Work to complete:
Nothing but the lines from the start of the records through the line that contains "پانسیون Guesthouse Gamsaxurdia" is to be copied, and each is to be copied exactly.
= Beginning of Section =
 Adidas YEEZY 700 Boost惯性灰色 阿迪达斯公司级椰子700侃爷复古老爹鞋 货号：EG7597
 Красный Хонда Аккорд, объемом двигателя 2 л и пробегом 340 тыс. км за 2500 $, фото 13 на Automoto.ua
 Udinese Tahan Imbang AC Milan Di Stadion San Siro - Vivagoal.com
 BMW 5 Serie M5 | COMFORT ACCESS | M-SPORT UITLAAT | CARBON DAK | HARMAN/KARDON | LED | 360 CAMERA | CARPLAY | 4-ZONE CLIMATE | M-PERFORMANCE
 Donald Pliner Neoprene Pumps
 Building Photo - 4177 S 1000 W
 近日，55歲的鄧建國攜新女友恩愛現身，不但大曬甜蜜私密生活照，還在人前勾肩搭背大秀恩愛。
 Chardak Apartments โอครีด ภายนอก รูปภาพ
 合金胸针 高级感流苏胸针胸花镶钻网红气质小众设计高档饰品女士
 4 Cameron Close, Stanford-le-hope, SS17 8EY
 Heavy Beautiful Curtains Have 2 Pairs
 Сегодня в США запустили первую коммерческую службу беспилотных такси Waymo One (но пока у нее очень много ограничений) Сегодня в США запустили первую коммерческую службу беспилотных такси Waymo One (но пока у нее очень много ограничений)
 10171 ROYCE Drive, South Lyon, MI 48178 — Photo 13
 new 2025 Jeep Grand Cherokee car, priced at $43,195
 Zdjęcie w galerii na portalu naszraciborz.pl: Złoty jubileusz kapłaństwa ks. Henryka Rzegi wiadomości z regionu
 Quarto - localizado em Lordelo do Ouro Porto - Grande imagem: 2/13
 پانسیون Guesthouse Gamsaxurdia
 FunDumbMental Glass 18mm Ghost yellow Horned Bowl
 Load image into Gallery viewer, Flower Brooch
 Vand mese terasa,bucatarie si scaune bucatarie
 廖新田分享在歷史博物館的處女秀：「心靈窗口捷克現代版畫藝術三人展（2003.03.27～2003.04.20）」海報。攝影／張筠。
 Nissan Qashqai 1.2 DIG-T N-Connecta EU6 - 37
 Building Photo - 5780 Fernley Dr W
= End of Section =
Written response:
 Adidas YEEZY 700 Boost惯性灰色 阿迪达斯公司级椰子700侃爷复古老爹鞋 货号：EG7597
 Красный Хонда Аккорд, объемом двигателя 2 л и пробегом 340 тыс. км за 2500 $, фото 13 на Automoto.ua
 Udinese Tahan Imbang AC Milan Di Stadion San Siro - Vivagoal.com
 BMW 5 Serie M5 | COMFORT ACCESS | M-SPORT UITLAAT | CARBON DAK | HARMAN/KARDON | LED | 360 CAMERA | CARPLAY | 4-ZONE CLIMATE | M-PERFORMANCE
 Donald Pliner Neoprene Pumps
 Building Photo - 4177 S 1000 W
 近日，55歲的鄧建國攜新女友恩愛現身，不但大曬甜蜜私密生活照，還在人前勾肩搭背大秀恩愛。
 Chardak Apartments โอครีด ภายนอก รูปภาพ
 合金胸针 高级感流苏胸针胸花镶钻网红气质小众设计高档饰品女士
 4 Cameron Close, Stanford-le-hope, SS17 8EY
 Heavy Beautiful Curtains Have 2 Pairs
 Сегодня в США запустили первую коммерческую службу беспилотных такси Waymo One (но пока у нее очень много ограничений) Сегодня в США запустили первую коммерческую службу беспилотных такси Waymo One (но пока у нее очень много ограничений)
 10171 ROYCE Drive, South Lyon, MI 48178 — Photo 13
 new 2025 Jeep Grand Cherokee car, priced at $43,195
 Zdjęcie w galerii na portalu naszraciborz.pl: Złoty jubileusz kapłaństwa ks. Henryka Rzegi wiadomości z regionu
 Quarto - localizado em Lordelo do Ouro Porto - Grande imagem: 2/13
 پانسیون Guesthouse Gamsaxurdia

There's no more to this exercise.